La jeune fille rentra après avoir obéi aux ordres de sa maîtresse. Michel était rassuré, Agathe était seule avec sa femme de chambre. Mais il était enfermé, lui ! et comment sortirait-il ? ou comment expliquerait-il sa présence si on le découvrait ainsi caché à la porte de la princesse ?

« Je dirai la vérité, pensa-t-il sans s’avouer à lui-même que ce n’était que la moitié de la vérité. Je raconterai que j’ai vu le Piccinino escalader le mur du parc, et que je suis venu pour défendre celle que j’adore contre un homme auquel je ne me fie point. »

Mais il se promit d’attendre que la suivante se fût retirée, car il ne savait pas si elle avait la confiance entière de sa maîtresse, et si elle n’incriminerait point cette marque de leur intimité.
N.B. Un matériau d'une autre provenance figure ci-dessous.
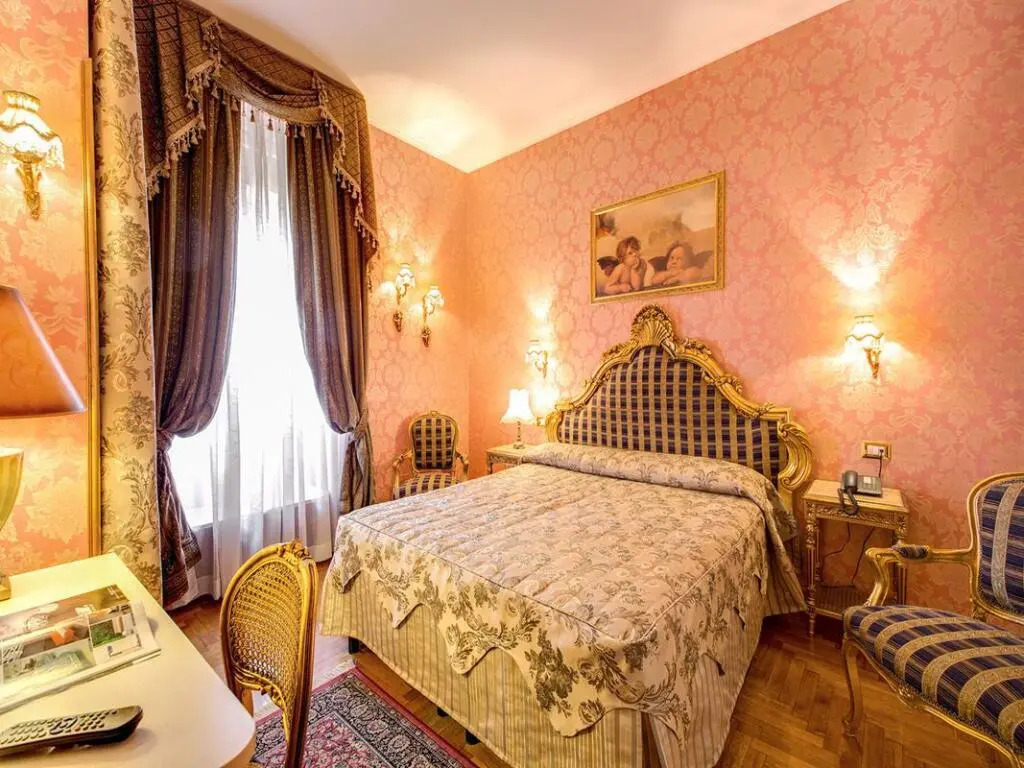 Domus Colosseo Hotel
Peu d’instants après, Agathe la congédia en effet ; il se fit un bruit de portes et de pas, comme si cette femme fermait toutes les issues en se retirant. Ne voulant point tarder à se montrer, Michel entra résolument dans la chambre d’Agathe, mais il s’y trouva seul. Avant de se coucher, la princesse était entrée dans son oratoire, et Michel l’apercevait, agenouillée sur un coussin de velours. Elle était vêtue d’une longue robe blanche flottante ; ses cheveux noirs tombaient jusqu’à ses pieds, en deux grosses nattes dont le poids eût gêné son sommeil si elle les eût gardées la nuit autour de sa tête. Un faible reflet de lampe sous un globe bleuâtre l’éclairait d’une lueur transparente et triste qui la faisait ressembler à une ombre. Michel s’arrêta saisi de crainte et de respect.
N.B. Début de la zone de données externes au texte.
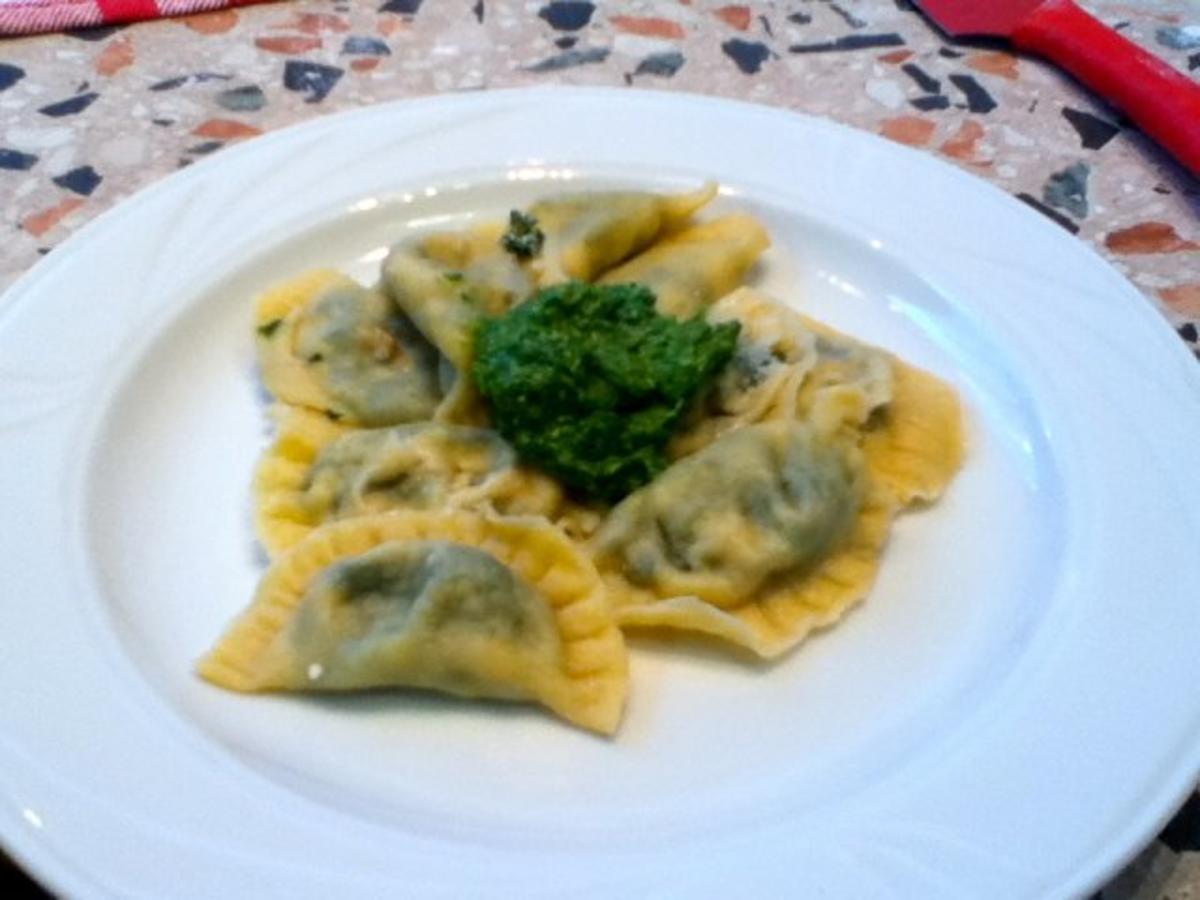 Ravioli mit Spinat-Ricotta-Parmesan-Füllung - Rezept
Mais, comme il hésitait à interrompre sa prière et se demandait comment il éveillerait son attention sans l’effrayer, il entendit ouvrir la porte de la petite galerie, et des pas, si légers qu’il fallait l’oreille d’un jaloux pour les distinguer, s’approcher de la chambre d’Agathe. Michel n’eut que le temps de se jeter derrière le lit d’ébène sculpté et incrusté de figurines d’ivoire. Ce lit n’était pas collé à la muraille comme les nôtres, mais isolé, comme il est d’usage dans les pays chauds, et le pied tourné vers le centre de l’appartement. Entre le mur et le dossier élevé de ce meuble antique, il y avait donc assez de place pour que Michel pût se tenir caché. Il n’osa se baisser, dans la crainte d’agiter les rideaux de satin blanc brodés en soie mate. Il n’avait plus le temps de prendre beaucoup de précautions. Le hasard le servit, car, malgré le coup d’œil rapide et curieux que le Piccinino promena dans l’appartement, ce dernier ne vit aucun désordre, aucun mouvement qui pût trahir la présence d’un homme arrivé avant lui.